Jumlah anggota Komite Audit harus disesuaikan dengan besar kecilnya organisasi
dan tanggung jawab. Di beberapa negara, ketentuan mengenai keberadaan komite
audit berangsur-angsur diterima sebagai suatu kewajiban bagi perusahaan yang
terdaftar di bursa efek. Sejalan dengan kecenderungan internasional, persyaratan
semacam ini juga telah ditetapkan di Indonesia melalui pedoman Good Corporate
Governance yang diterbitkan pada bulan Mei 2002. Komite audit memiliki
peranan yang penting dalam mengawasi berbagai aspek organisasi, berbagai
ketentuan dan peraturan mengenai komite audit, seperti: Surat Edaran Bapepam
No. SE-03/PM/2000, yang merekomendasikan perusahaan-perusahaan publik
memiliki Komite Audit.
Tugas utama Komite Audit termasuk pemeriksaan dan pengawasan
tentang proses pelaporan keuangan dan kontrol internal. Demikian juga fungsi
47
dari komite audit termasuk di dalamnya adalah meningkatkan kepercayaan publik
terhadap kelayakan dan objektifitasan laporan keuangan serta meningkatkan
kepercayaan terhadap adanya kontrol internal yang lebih baik. Keberadaan komite
audit dapat dirasakan sebagai indikasi monitoring kualitas tinggi dan berpengaruh
signifikan dalam menyediakan informasi yang lebih kepada pemakai laporan
keuangan. Oleh karena itu, diharapkan dengan semakin besar ukuran komite audit,
maka pengawasan yang dilakukan akan semakin baik dan kualitas pengungkapan
informasi sosial perusahaan pun semakin meningkat. Berdasarkan uraian tersebut,
maka hipotesis keempat yang akan diuji dalam penelitian ini adalah:
H3 = Ada hubungan positif antara proporsi Komite audit
Independen dan luas pengungkapan CSR
2.7.4 Hubungan antara Kepemilikan Pemerintah dan Pengungkapan CSR
Intervensi pemerintah dalam kepemilikan di perusahaan, mungkin dapat
memberikan tekanan kepada perusahaan untuk mengungkapkan lebih banyak
informasi, karena pemerintah merupakan badan yang dipercaya oleh rakyat.

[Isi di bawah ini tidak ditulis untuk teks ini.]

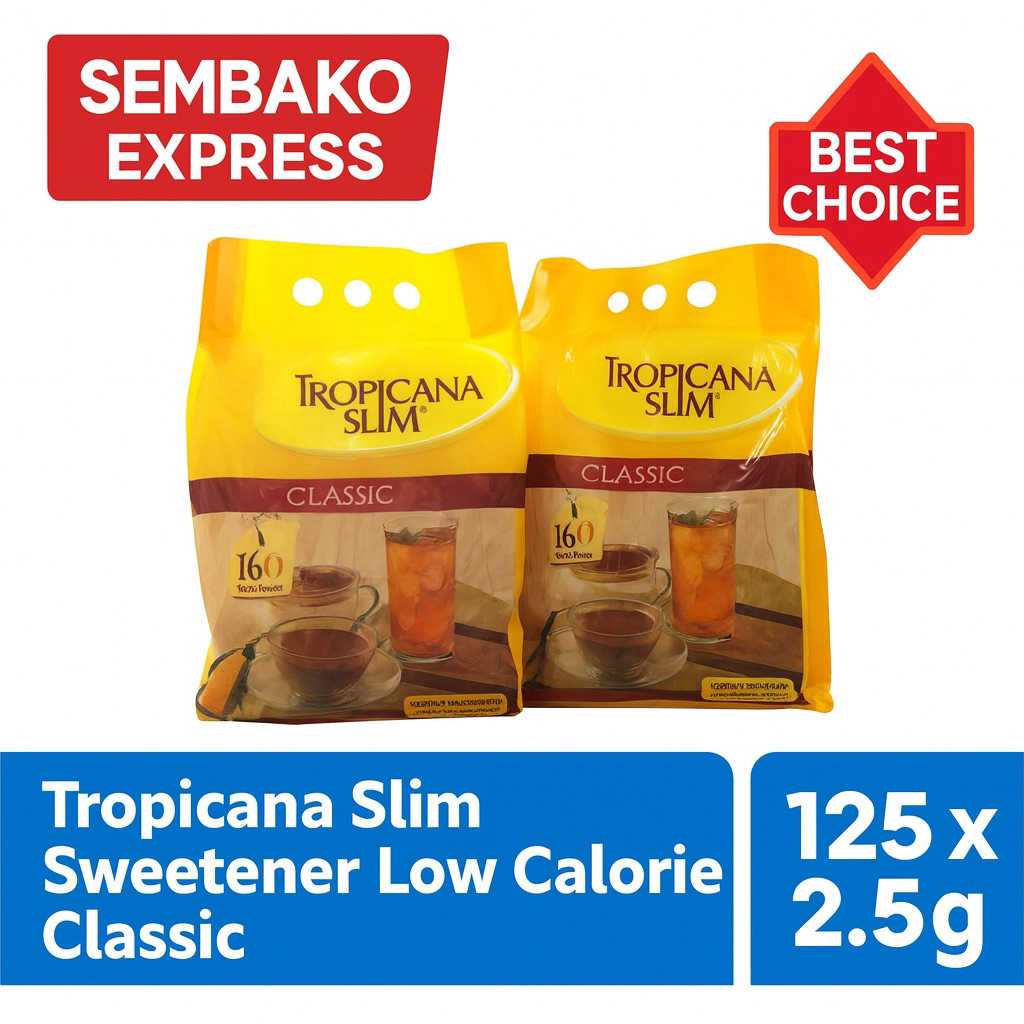 

Tropicana Slim Classic Sweetener 125 Sachet x 2.5 g – Gula Rendah Kalori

Pemerintah yang juga bertindak sebagai regulator, apabila memiliki proporsi
saham pada sebuah perusahaan, maka pemerintah memiliki kekuatan untuk
menekan perusahaan mematuhi peraturan pemerintah menggenai CSR.
Penelitian Ghazali dan Wheetman (2006) dalam Said et al. (2009)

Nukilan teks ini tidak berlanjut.